(Entries shown)

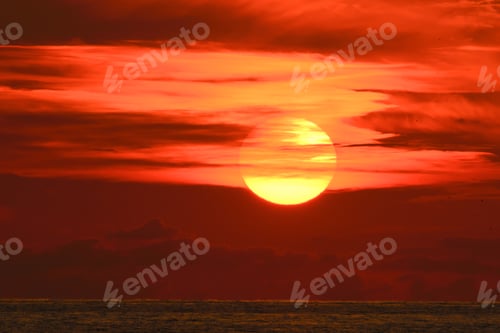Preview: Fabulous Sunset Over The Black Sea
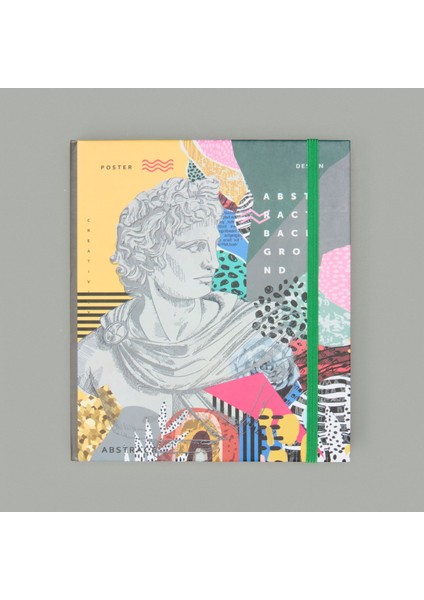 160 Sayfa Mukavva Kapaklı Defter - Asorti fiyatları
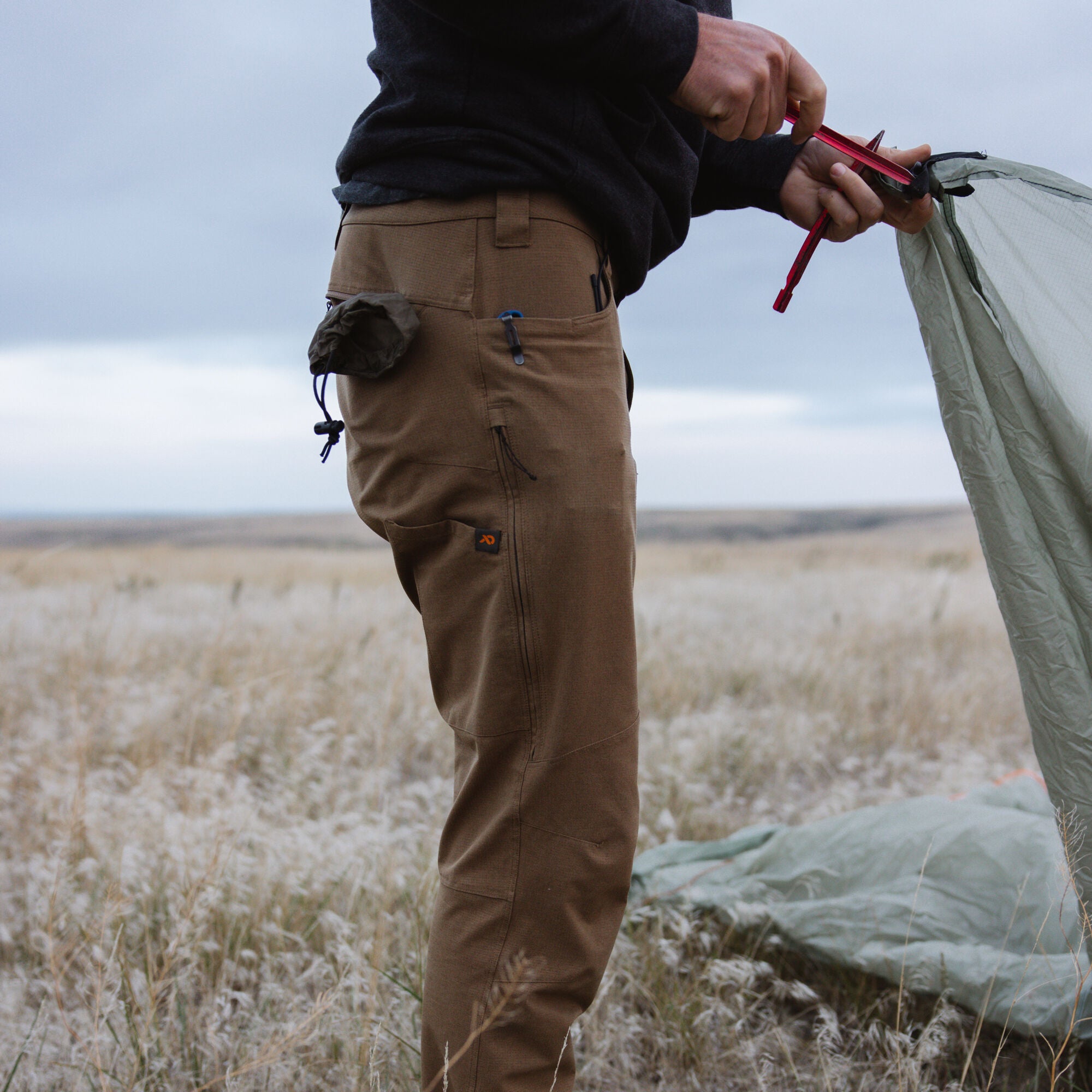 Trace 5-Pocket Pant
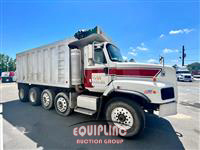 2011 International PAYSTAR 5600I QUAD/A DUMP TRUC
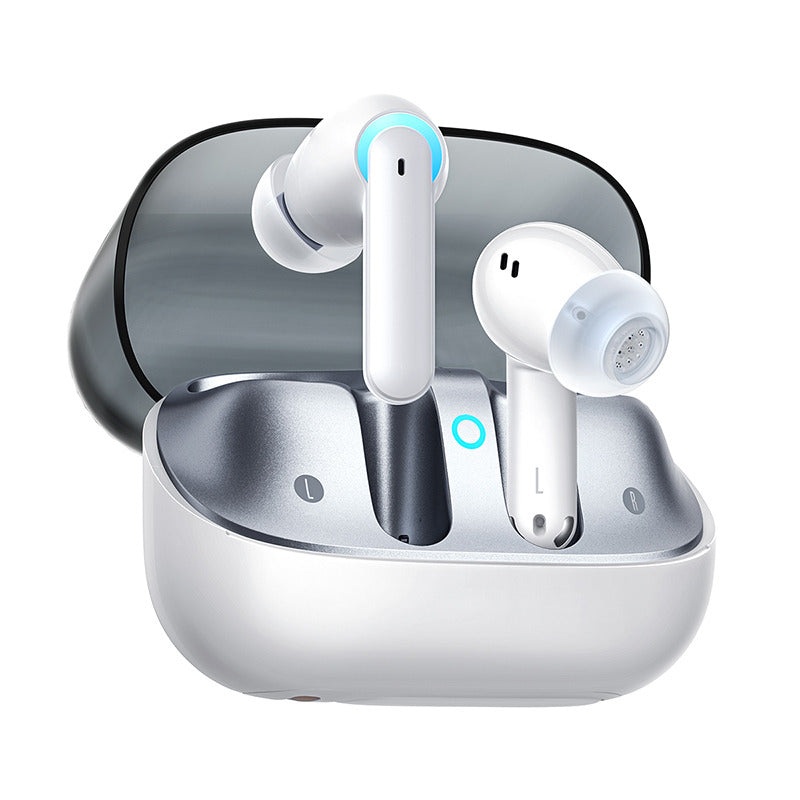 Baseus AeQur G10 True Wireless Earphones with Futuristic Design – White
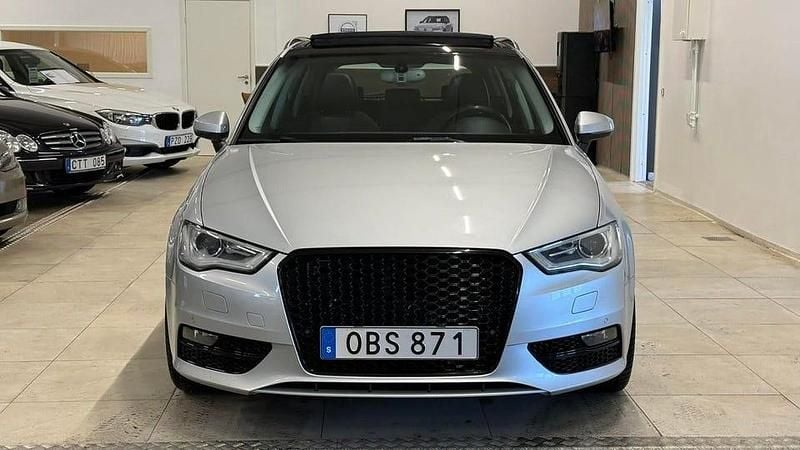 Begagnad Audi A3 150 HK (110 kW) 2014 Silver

(End Entries shown)
(Entries shown)

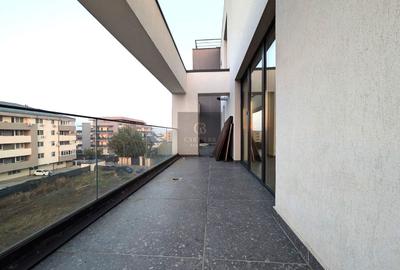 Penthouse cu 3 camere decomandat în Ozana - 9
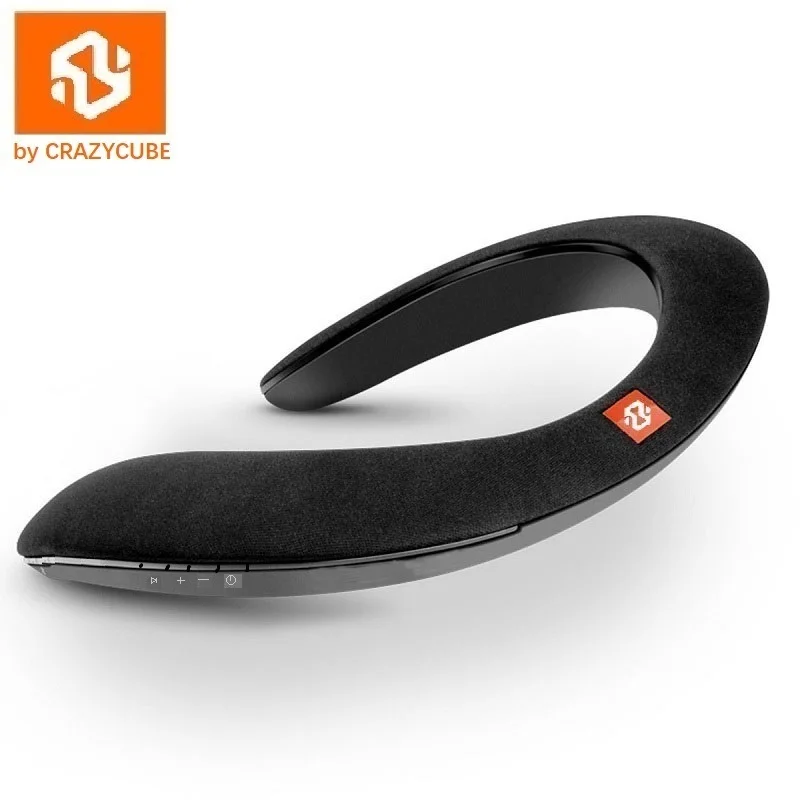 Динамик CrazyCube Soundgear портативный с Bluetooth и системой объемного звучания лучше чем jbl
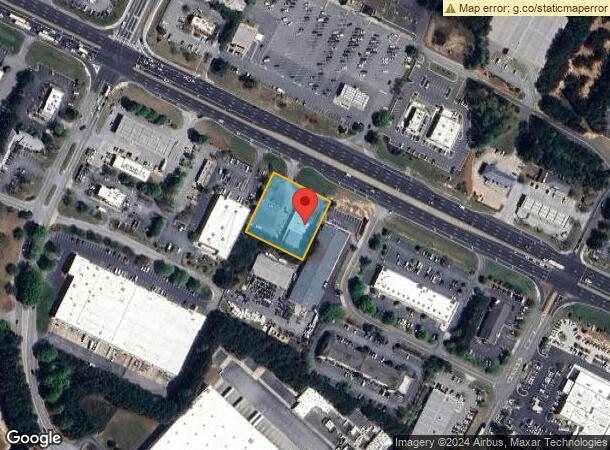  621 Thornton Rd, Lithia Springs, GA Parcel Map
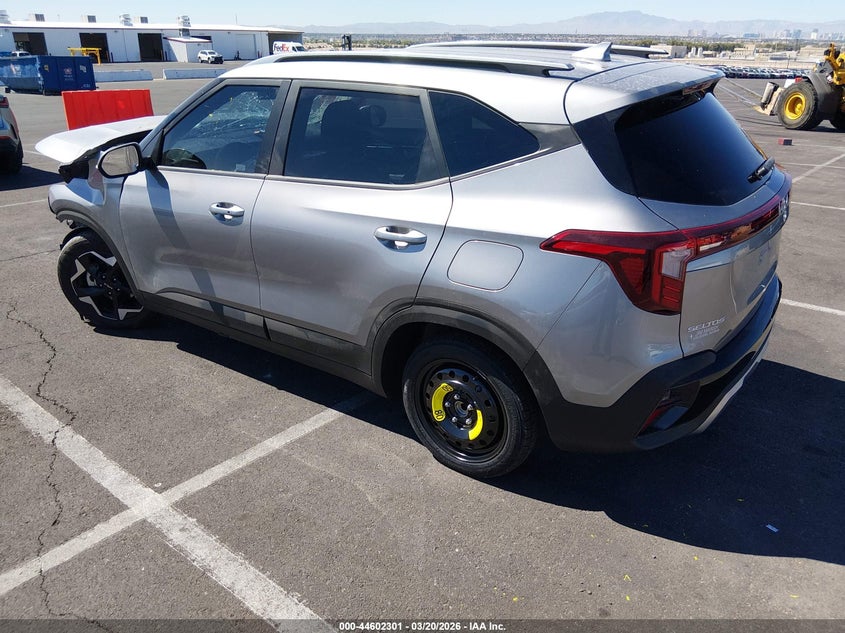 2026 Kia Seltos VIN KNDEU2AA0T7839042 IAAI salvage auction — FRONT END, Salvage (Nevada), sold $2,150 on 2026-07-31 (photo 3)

(End Entries shown)

◆ To do: Each line above starting at the one holding "Penthouse cu 3" and ending at the one holding "2026 Kia Seltos" should be set down exactly as it stands, both ends included, with no pictures.

◆ Output for this task:
 Penthouse cu 3 camere decomandat în Ozana - 9
 Динамик CrazyCube Soundgear портативный с Bluetooth и системой объемного звучания лучше чем jbl
  621 Thornton Rd, Lithia Springs, GA Parcel Map
 2026 Kia Seltos VIN KNDEU2AA0T7839042 IAAI salvage auction — FRONT END, Salvage (Nevada), sold $2,150 on 2026-07-31 (photo 3)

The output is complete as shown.